Task requirements:
Below are some records. Return exactly the lines from the one with "Item preview, Tiger" to the one with "66 Route Biker", and nothing else.

Data provided:

....

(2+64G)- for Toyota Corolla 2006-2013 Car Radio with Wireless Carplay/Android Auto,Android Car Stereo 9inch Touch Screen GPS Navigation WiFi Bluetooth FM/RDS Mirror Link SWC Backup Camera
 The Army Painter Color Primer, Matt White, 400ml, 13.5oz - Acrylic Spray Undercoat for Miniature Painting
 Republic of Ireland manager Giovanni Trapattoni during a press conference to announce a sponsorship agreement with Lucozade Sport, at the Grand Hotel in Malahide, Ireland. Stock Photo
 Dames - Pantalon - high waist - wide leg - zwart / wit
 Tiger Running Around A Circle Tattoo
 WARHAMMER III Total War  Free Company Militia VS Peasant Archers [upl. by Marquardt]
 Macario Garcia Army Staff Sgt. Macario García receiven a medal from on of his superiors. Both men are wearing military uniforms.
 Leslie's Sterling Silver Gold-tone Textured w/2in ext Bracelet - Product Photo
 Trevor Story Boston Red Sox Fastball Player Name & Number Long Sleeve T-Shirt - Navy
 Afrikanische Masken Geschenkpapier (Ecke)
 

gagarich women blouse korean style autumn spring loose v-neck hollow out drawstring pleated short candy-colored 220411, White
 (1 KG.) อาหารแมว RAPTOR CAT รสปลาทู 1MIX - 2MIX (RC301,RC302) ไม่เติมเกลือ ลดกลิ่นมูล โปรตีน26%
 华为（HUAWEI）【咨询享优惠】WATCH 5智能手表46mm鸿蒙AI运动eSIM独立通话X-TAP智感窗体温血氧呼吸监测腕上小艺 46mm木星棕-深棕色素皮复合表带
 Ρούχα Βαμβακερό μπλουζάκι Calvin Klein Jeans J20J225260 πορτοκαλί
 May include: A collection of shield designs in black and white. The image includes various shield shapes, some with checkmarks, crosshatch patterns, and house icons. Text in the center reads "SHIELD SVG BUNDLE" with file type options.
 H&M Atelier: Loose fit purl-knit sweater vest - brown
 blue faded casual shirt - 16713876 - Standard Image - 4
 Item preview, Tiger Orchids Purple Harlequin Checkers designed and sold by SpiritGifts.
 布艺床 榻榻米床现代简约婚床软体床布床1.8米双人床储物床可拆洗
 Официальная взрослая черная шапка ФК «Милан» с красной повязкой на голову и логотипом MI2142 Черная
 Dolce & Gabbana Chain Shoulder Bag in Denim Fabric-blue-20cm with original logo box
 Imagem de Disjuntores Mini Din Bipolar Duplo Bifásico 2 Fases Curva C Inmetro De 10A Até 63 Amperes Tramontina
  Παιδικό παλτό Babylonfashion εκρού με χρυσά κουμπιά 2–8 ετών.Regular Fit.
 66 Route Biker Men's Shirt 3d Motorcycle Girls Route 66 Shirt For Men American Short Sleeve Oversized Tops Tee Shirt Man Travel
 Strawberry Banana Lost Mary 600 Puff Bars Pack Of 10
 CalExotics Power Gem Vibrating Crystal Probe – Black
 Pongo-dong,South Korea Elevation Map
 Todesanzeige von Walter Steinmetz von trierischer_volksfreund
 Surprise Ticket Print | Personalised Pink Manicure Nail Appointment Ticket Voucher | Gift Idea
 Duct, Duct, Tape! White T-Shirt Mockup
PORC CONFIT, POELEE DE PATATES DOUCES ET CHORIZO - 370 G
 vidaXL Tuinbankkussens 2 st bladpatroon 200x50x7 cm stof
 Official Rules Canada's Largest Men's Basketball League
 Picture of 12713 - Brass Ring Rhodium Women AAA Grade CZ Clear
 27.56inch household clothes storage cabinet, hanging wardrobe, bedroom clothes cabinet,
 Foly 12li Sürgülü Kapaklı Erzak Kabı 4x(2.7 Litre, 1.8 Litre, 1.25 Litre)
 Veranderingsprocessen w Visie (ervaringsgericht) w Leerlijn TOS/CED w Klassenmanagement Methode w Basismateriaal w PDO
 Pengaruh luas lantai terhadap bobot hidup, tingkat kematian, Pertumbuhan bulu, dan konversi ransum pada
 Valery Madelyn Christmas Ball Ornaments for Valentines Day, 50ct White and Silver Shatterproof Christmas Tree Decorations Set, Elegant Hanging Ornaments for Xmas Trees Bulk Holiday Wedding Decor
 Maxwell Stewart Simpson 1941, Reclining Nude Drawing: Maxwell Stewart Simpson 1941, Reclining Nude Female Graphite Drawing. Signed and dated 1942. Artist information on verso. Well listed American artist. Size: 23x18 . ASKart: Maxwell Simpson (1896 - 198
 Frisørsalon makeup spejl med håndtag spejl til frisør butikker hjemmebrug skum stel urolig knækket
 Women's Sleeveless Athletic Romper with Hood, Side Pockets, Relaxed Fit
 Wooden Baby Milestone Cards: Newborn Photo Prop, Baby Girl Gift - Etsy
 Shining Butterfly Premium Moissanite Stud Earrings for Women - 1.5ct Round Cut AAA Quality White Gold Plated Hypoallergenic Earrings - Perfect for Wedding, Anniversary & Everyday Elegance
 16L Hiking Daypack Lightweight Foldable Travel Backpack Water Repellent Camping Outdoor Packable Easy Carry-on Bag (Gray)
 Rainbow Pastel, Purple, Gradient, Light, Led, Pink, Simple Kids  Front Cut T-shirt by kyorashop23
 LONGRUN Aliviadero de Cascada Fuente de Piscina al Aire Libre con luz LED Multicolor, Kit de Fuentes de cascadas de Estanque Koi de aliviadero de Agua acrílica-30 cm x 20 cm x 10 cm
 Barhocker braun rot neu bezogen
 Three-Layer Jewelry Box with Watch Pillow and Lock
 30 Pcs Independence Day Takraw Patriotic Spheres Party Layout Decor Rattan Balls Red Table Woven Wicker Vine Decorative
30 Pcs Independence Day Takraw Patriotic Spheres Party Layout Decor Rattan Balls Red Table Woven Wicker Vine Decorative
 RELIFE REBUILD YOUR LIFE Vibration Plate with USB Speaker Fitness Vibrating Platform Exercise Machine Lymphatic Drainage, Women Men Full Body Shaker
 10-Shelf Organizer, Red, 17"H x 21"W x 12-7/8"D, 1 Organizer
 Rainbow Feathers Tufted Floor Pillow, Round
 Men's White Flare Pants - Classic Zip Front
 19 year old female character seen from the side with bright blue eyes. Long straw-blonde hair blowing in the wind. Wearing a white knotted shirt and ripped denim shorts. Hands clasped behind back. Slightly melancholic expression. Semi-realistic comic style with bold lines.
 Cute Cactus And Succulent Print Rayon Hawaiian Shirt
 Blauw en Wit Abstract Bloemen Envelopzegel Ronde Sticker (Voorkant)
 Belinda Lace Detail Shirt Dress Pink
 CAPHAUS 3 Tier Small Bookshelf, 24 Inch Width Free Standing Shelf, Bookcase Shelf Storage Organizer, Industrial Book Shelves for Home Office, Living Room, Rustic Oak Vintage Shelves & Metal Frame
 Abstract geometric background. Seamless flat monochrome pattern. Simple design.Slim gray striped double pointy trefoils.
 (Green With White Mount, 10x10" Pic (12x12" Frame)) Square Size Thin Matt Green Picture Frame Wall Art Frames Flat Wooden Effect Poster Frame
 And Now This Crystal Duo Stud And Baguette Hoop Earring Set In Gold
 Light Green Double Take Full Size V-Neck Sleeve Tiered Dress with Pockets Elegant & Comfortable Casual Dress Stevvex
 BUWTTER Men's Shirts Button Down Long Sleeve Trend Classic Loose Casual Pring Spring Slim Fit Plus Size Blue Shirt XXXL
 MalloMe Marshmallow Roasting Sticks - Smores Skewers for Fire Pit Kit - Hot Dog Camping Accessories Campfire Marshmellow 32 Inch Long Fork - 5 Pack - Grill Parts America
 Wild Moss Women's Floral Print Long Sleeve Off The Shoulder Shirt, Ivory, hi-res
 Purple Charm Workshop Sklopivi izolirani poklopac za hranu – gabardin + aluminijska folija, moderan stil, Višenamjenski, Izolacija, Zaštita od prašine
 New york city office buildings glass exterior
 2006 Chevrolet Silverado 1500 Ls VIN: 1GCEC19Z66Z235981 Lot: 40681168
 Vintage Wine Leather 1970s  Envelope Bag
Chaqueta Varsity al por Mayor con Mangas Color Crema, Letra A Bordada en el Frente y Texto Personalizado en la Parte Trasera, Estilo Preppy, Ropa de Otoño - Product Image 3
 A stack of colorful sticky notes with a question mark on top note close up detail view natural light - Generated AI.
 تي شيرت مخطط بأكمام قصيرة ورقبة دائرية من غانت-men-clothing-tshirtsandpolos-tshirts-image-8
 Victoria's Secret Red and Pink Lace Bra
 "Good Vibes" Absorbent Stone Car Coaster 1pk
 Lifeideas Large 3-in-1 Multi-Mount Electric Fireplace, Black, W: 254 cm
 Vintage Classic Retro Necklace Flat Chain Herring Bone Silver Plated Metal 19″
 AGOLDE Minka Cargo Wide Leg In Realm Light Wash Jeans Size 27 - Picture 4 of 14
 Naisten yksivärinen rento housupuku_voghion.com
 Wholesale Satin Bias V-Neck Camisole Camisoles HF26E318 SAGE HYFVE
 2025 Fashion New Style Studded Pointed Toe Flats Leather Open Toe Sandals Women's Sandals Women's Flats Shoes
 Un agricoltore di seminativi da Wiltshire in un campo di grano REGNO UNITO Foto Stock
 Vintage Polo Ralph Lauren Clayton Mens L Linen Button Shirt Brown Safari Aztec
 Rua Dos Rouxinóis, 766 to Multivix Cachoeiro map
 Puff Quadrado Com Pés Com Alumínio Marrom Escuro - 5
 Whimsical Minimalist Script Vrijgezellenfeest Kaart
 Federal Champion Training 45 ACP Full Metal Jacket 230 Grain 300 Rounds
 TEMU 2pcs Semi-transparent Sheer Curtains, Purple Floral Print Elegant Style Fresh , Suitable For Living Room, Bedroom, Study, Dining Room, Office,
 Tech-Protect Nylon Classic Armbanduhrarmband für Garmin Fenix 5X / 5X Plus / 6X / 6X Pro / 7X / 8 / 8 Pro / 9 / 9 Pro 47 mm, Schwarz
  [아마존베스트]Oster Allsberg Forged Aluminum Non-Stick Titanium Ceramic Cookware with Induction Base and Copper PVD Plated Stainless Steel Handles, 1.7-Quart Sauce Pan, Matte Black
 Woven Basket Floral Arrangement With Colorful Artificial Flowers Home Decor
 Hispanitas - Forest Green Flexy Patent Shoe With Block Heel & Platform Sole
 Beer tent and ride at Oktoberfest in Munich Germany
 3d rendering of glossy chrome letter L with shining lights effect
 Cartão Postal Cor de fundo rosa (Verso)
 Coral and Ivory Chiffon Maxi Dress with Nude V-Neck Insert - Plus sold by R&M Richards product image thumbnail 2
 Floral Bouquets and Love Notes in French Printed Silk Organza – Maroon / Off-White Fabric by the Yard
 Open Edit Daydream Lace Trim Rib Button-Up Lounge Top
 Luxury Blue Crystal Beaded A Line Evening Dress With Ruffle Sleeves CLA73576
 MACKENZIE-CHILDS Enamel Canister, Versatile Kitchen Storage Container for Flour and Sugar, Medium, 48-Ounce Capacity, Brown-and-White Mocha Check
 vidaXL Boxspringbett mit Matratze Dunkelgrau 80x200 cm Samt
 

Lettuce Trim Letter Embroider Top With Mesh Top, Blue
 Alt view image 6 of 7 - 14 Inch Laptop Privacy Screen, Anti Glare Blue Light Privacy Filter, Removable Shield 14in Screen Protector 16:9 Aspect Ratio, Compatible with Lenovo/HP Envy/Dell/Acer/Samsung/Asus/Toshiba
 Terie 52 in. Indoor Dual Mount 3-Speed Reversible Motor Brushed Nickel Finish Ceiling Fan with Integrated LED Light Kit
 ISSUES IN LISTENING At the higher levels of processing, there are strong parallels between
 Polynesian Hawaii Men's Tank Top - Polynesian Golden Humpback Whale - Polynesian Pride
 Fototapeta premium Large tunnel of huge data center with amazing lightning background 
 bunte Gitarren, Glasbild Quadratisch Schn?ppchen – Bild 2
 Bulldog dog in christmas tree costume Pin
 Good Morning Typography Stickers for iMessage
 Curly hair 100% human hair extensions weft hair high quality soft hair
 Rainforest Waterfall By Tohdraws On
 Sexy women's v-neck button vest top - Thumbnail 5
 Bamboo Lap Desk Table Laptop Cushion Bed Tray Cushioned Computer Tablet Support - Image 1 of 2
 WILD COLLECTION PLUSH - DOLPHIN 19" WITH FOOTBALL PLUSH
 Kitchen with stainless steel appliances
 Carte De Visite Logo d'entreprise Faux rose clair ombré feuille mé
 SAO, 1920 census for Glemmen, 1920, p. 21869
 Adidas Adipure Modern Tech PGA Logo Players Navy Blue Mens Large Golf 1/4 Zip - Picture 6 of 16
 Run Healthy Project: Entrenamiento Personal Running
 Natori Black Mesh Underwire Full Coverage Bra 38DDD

....

Task result:
 Item preview, Tiger Orchids Purple Harlequin Checkers designed and sold by SpiritGifts.
 布艺床 榻榻米床现代简约婚床软体床布床1.8米双人床储物床可拆洗
 Официальная взрослая черная шапка ФК «Милан» с красной повязкой на голову и логотипом MI2142 Черная
 Dolce & Gabbana Chain Shoulder Bag in Denim Fabric-blue-20cm with original logo box
 Imagem de Disjuntores Mini Din Bipolar Duplo Bifásico 2 Fases Curva C Inmetro De 10A Até 63 Amperes Tramontina
  Παιδικό παλτό Babylonfashion εκρού με χρυσά κουμπιά 2–8 ετών.Regular Fit.
 66 Route Biker Men's Shirt 3d Motorcycle Girls Route 66 Shirt For Men American Short Sleeve Oversized Tops Tee Shirt Man Travel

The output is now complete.